All-atom molecular dynamics simulations are performed on bulk and aqueous liquid−vapor interfacial systems for neat water and 1 M solutions of NaCl, CsCl, and NaI to more quantitatively characterize ion solvation in these environments and to more fully elucidate trends accompanying the introduction of ion polarizability in the context of a polarizable water potential. In the bulk systems, computed densities, hydration free energies, compressibilities, coordination numbers, and a variety of two- and three-atom distribution functions show that the polarizable ions exhibit smaller effective radii, a slightly increased propensity for bulk hydration (particularly for the anions), and no biased preference for contact ion or solvent-separated ion pairing relative to the corresponding nonpolarizable cases. For the interfacial systems employing long (>40 ns) sampling times, we obtain good convergence for a variety of interfacial characteristics such as slab thicknesses and interfacial widths, depth-dependent water and ion density profiles, surface excesses, and depth-dependent transverse distribution functions.
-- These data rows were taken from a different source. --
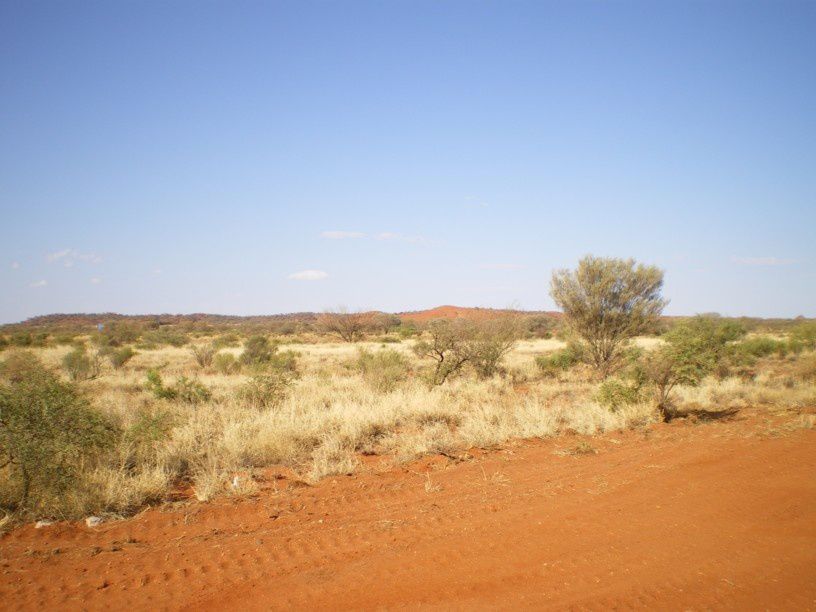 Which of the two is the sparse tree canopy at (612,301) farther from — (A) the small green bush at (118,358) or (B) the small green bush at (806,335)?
(A) the small green bush at (118,358)

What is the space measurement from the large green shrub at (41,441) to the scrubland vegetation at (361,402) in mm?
17

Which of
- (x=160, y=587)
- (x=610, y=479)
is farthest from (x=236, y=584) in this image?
(x=610, y=479)

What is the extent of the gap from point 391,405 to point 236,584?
730 cm

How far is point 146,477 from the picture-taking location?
6480 millimetres

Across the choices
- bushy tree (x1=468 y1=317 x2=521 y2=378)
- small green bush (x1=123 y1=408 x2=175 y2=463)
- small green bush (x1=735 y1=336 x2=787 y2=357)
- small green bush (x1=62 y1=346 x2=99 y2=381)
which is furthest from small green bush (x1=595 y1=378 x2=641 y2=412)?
small green bush (x1=62 y1=346 x2=99 y2=381)

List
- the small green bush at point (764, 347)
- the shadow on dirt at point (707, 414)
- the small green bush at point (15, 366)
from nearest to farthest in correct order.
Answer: the shadow on dirt at point (707, 414), the small green bush at point (15, 366), the small green bush at point (764, 347)

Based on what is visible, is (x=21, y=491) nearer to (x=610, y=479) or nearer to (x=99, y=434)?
(x=99, y=434)

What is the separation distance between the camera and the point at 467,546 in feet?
15.4

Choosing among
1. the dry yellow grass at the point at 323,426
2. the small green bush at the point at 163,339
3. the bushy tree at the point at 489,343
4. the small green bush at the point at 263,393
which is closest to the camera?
the dry yellow grass at the point at 323,426

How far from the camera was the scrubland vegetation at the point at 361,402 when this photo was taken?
20.1 ft

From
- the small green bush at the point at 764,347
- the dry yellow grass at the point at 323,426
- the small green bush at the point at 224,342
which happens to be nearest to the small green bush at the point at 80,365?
the dry yellow grass at the point at 323,426

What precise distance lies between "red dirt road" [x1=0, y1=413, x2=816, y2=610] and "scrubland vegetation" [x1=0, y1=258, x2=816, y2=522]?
96 centimetres

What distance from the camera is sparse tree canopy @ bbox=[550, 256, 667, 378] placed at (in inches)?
722

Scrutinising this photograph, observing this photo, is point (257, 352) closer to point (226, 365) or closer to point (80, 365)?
point (226, 365) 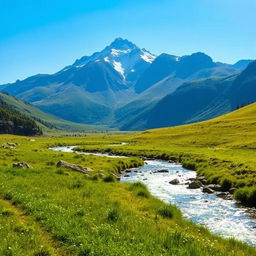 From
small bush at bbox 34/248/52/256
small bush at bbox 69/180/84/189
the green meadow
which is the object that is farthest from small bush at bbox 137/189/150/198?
small bush at bbox 34/248/52/256

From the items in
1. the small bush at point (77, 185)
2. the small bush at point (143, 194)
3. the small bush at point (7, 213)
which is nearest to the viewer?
the small bush at point (7, 213)

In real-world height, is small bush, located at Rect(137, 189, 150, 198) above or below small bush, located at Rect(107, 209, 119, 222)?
below

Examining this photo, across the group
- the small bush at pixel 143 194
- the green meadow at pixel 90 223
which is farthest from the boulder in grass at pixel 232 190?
the small bush at pixel 143 194

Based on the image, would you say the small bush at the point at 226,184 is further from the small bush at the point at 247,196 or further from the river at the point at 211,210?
the small bush at the point at 247,196

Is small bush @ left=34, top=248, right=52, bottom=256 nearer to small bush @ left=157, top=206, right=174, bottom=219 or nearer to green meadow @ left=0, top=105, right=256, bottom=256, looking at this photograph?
green meadow @ left=0, top=105, right=256, bottom=256

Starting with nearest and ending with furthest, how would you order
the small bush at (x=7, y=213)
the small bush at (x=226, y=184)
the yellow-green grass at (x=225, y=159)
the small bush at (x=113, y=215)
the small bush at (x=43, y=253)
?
the small bush at (x=43, y=253), the small bush at (x=113, y=215), the small bush at (x=7, y=213), the yellow-green grass at (x=225, y=159), the small bush at (x=226, y=184)

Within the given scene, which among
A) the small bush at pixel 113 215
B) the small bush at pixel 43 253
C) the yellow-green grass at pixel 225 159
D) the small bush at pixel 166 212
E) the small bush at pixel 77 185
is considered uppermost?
the small bush at pixel 43 253

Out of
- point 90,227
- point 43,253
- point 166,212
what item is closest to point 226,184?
point 166,212

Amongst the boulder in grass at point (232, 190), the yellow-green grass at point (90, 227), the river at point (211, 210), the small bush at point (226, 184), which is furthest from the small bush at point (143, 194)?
the small bush at point (226, 184)

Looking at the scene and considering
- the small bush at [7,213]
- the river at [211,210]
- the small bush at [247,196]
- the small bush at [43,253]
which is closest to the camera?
A: the small bush at [43,253]

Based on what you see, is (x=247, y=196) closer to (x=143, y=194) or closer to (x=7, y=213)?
(x=143, y=194)

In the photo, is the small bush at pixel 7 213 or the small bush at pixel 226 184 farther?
the small bush at pixel 226 184

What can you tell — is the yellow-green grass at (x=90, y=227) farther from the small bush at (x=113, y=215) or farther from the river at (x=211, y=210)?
the river at (x=211, y=210)

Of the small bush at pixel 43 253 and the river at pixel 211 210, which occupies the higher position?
the small bush at pixel 43 253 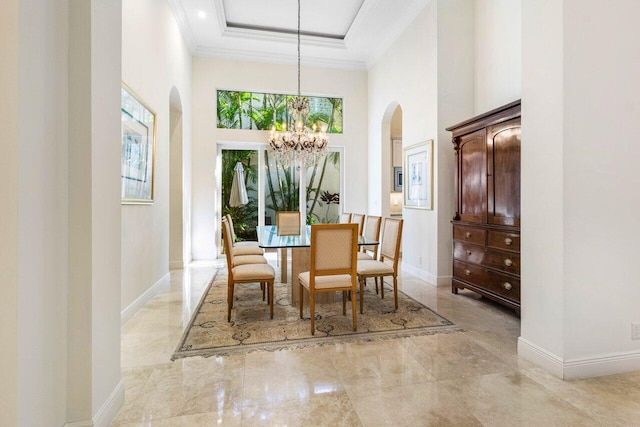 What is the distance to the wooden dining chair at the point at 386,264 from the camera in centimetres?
340

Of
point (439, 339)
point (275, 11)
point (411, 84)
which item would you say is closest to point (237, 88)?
point (275, 11)

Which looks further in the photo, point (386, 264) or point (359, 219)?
point (359, 219)

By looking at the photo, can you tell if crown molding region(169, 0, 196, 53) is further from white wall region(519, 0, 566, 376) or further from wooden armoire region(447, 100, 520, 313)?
white wall region(519, 0, 566, 376)

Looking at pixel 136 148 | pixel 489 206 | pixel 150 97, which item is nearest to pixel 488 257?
pixel 489 206

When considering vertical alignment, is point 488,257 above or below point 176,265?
above

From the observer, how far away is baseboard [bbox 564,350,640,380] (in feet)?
6.89

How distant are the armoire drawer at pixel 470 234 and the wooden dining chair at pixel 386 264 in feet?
2.89

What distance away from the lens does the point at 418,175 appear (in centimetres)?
492

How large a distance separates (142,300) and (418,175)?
4.00 metres

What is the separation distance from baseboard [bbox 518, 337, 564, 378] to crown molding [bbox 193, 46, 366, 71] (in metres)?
5.98

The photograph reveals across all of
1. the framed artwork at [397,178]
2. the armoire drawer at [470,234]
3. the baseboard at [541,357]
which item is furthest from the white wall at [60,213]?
the framed artwork at [397,178]

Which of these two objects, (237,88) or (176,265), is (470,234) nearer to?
(176,265)

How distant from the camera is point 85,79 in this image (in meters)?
1.48

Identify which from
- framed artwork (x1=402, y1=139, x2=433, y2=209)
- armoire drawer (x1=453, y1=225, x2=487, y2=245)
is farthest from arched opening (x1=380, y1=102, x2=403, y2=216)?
armoire drawer (x1=453, y1=225, x2=487, y2=245) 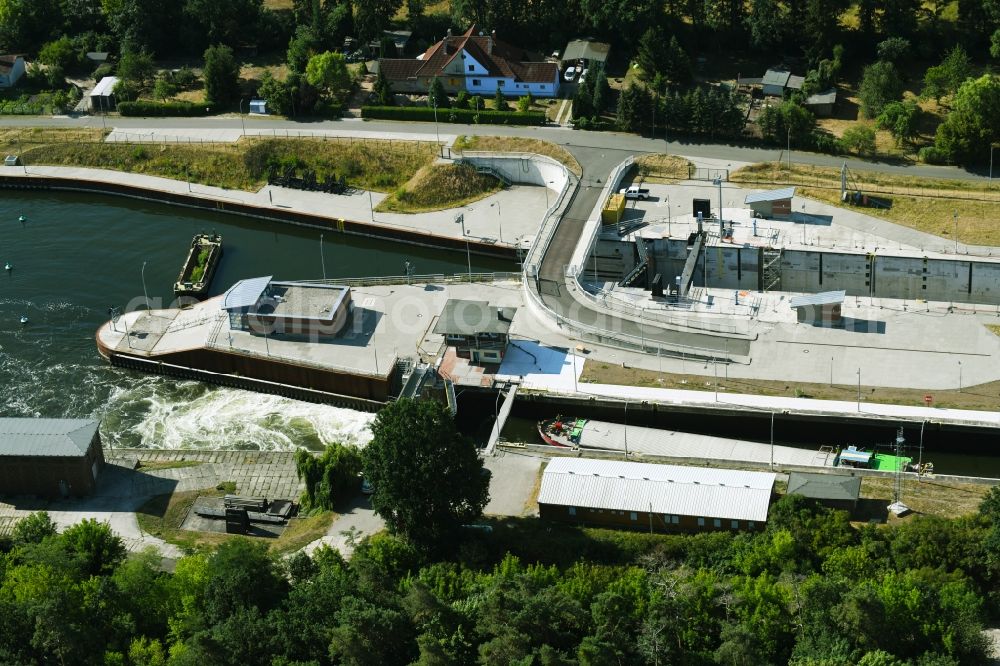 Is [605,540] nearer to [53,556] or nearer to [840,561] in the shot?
[840,561]

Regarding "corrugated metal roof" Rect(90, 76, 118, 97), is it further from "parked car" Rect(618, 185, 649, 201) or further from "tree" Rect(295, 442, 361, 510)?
"tree" Rect(295, 442, 361, 510)

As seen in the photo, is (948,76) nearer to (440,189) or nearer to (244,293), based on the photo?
(440,189)

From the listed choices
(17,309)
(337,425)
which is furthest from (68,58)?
(337,425)

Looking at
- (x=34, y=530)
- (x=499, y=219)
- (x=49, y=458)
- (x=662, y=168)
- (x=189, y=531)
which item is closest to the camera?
(x=34, y=530)

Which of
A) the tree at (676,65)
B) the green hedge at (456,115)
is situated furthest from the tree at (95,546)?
the tree at (676,65)

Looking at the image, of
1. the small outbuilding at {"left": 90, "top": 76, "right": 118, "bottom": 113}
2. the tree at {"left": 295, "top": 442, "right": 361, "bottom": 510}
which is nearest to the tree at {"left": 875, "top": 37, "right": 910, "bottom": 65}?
the tree at {"left": 295, "top": 442, "right": 361, "bottom": 510}

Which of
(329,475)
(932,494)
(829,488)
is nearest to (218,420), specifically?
(329,475) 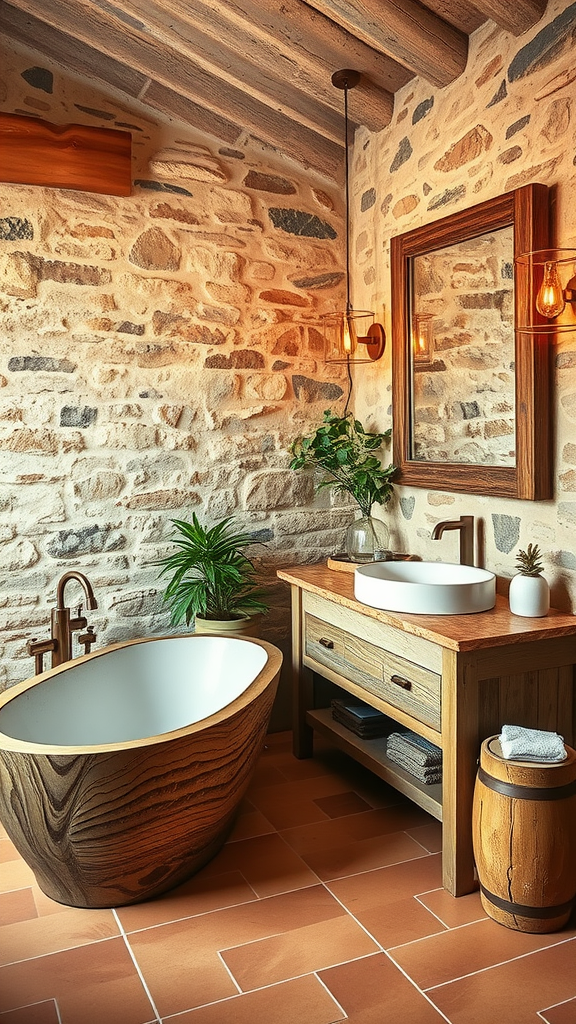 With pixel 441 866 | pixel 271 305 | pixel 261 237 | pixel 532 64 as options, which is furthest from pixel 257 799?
pixel 532 64

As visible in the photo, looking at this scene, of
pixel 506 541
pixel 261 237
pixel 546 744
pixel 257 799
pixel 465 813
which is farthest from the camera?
pixel 261 237

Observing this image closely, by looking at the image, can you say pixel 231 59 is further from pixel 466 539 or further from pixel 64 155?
pixel 466 539

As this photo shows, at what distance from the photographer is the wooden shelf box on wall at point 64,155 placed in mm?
A: 2988

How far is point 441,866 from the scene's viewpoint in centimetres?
249

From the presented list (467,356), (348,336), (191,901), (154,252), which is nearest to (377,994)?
(191,901)

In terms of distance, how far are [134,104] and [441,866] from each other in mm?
3074

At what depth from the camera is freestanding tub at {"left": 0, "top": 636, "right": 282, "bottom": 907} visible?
2.10 metres

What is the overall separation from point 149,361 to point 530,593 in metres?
1.82

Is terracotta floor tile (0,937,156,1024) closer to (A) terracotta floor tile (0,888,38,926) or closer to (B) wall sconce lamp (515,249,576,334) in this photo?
(A) terracotta floor tile (0,888,38,926)

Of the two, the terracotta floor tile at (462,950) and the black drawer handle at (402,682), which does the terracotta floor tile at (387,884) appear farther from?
the black drawer handle at (402,682)

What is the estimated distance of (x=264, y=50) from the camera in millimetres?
2889

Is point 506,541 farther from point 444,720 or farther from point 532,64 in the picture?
point 532,64

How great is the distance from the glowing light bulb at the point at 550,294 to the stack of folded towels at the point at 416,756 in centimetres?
138

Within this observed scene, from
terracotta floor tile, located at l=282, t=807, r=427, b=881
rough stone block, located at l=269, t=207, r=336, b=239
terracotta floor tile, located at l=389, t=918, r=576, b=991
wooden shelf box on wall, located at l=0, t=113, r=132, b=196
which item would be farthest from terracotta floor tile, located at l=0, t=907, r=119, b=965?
rough stone block, located at l=269, t=207, r=336, b=239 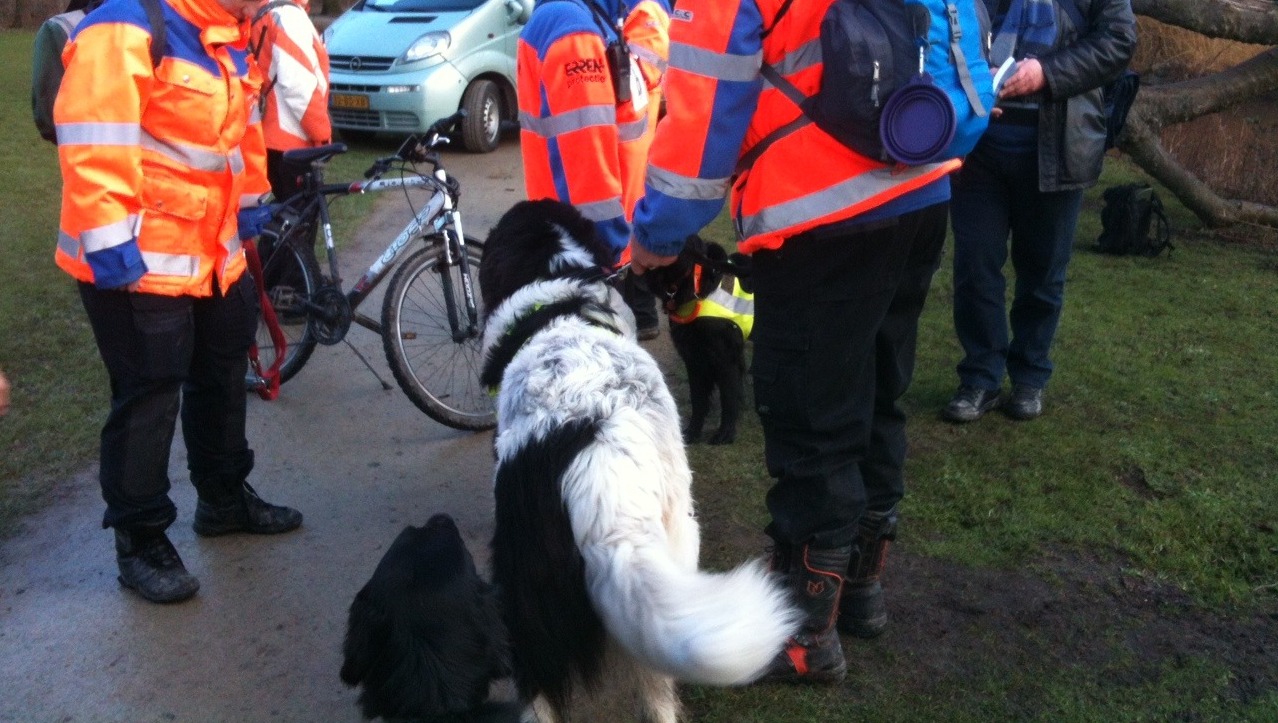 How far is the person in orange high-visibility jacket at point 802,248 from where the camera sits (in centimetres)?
259

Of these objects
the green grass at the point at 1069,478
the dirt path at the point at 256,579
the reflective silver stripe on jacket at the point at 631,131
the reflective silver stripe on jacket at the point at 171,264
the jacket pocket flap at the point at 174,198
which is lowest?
the dirt path at the point at 256,579

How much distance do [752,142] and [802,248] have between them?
1.00ft

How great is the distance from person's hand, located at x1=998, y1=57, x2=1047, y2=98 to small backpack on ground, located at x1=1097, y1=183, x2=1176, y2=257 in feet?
12.4

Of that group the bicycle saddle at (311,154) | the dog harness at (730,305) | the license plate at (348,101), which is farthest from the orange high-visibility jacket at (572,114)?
the license plate at (348,101)

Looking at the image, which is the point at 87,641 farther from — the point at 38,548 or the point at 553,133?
the point at 553,133

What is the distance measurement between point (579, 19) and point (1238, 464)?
10.9ft

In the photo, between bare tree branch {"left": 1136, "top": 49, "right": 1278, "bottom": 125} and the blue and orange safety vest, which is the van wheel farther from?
the blue and orange safety vest

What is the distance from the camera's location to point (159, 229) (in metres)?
3.29

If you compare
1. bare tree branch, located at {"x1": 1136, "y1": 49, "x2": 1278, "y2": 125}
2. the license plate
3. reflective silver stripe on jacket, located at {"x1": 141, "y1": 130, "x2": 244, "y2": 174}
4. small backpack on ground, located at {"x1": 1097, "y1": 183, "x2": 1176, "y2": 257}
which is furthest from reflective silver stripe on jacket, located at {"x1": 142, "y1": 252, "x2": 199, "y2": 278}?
the license plate

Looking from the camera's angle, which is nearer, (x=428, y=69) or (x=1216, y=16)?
(x=1216, y=16)

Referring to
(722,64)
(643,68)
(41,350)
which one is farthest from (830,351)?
(41,350)

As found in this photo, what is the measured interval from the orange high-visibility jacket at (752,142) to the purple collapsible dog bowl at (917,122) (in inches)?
4.3

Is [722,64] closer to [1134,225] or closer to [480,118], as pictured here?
[1134,225]

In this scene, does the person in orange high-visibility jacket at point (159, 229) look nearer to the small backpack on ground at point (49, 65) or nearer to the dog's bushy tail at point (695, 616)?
the small backpack on ground at point (49, 65) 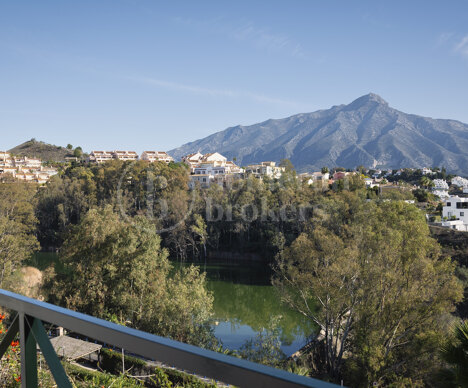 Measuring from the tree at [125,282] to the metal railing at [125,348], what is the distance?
31.5ft

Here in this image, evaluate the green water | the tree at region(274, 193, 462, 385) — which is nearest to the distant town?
the green water

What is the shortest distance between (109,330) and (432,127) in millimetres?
202625

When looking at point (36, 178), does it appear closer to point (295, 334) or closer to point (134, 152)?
point (134, 152)

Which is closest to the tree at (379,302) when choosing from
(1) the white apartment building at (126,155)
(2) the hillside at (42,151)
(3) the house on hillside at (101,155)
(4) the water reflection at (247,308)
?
(4) the water reflection at (247,308)

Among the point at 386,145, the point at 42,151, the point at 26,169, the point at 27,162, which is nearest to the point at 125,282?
the point at 26,169

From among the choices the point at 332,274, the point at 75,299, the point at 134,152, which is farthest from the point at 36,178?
the point at 332,274

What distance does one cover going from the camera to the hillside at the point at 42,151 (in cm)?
6869

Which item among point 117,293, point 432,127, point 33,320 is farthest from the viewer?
point 432,127

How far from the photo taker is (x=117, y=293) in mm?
11742

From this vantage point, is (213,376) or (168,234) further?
(168,234)

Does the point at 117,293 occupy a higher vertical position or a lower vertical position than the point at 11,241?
lower

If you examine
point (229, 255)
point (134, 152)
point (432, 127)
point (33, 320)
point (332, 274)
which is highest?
point (432, 127)

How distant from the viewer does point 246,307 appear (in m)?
17.8

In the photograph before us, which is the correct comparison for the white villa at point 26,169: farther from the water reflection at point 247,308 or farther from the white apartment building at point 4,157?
the water reflection at point 247,308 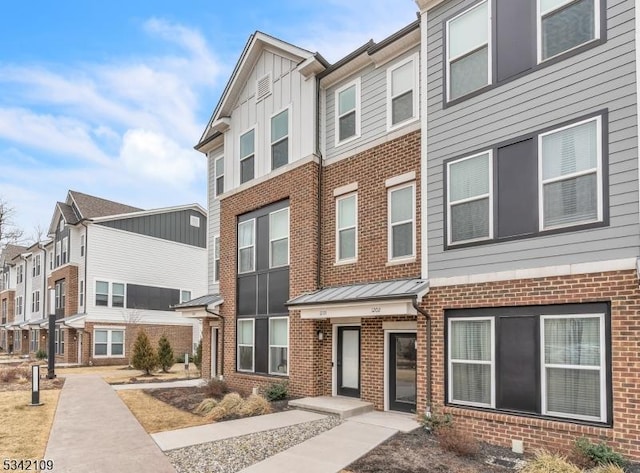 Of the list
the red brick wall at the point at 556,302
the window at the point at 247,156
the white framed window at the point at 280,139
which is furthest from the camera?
the window at the point at 247,156

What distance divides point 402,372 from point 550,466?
14.9 ft

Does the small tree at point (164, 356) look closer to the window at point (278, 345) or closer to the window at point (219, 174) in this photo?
the window at point (219, 174)

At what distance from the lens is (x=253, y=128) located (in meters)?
15.8

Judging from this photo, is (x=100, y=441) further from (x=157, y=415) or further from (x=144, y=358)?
(x=144, y=358)

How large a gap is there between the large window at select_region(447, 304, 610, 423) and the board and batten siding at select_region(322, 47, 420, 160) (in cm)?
510

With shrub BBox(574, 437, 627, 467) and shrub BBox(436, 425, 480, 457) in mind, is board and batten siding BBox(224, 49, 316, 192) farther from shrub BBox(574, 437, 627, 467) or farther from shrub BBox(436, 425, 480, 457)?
shrub BBox(574, 437, 627, 467)

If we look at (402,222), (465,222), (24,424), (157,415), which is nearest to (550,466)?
(465,222)

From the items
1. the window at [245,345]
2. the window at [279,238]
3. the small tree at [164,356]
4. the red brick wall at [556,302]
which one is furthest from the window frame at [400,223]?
the small tree at [164,356]

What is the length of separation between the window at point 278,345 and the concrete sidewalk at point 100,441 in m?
4.17

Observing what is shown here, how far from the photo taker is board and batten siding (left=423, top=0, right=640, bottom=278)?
7.29 m

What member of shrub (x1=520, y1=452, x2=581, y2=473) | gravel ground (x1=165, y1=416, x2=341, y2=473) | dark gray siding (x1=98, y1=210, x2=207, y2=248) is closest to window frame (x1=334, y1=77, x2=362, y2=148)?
gravel ground (x1=165, y1=416, x2=341, y2=473)

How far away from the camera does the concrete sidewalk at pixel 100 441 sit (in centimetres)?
758

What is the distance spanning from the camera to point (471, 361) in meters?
9.11

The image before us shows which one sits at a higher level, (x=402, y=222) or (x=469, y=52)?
(x=469, y=52) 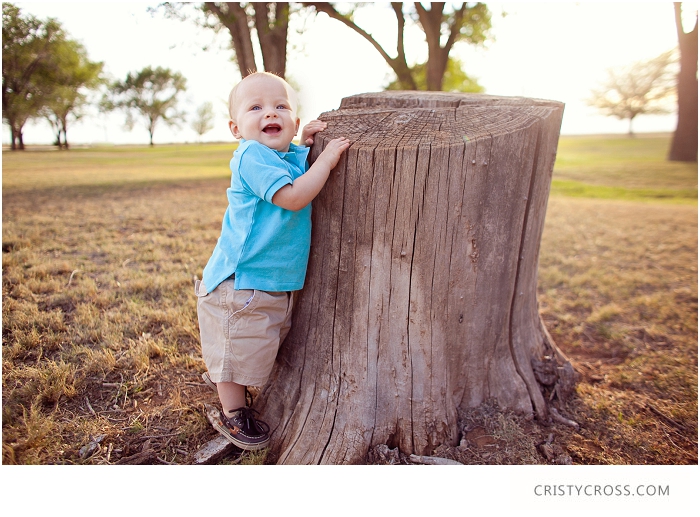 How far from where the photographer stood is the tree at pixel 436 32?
874cm

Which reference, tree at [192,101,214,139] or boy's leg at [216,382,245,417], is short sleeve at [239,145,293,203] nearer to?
boy's leg at [216,382,245,417]

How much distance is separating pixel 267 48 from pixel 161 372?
668 cm

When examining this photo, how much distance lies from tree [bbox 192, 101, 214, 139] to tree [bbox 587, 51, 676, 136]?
6.27 meters

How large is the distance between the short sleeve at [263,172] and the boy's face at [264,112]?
100 mm

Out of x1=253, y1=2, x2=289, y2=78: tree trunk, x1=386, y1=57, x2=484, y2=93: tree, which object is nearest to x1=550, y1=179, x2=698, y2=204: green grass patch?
x1=386, y1=57, x2=484, y2=93: tree

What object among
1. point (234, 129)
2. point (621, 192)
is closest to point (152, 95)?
point (234, 129)

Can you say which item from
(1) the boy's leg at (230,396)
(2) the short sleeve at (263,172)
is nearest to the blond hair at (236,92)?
(2) the short sleeve at (263,172)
We compare interface characteristics derived from fits to both a hyperbolic tangent and error function form and find negligible differences in the resulting parameters. For all three salt solutions, we observe that ion polarizability leads to a slight contraction of the liquid slab and simultaneous expansion of the interfacial thickness arising from the strong surface enhancement of polarizable anions. Computed values of the surface excess show that for the present Drude ion models and polarizable fluctuating charge water model the introduction of ion polarizability consistently leads to a slightly less-negative surface excess, implying a significant but incomplete cancellation of the surface enhancement by the corresponding subsurface anion depletion. Depth-dependent, transverse correlation functions for the oxygen−oxygen separation indicate slight water relaxation at the interface of both neat TIP4P-FQ water and the corresponding salt solutions.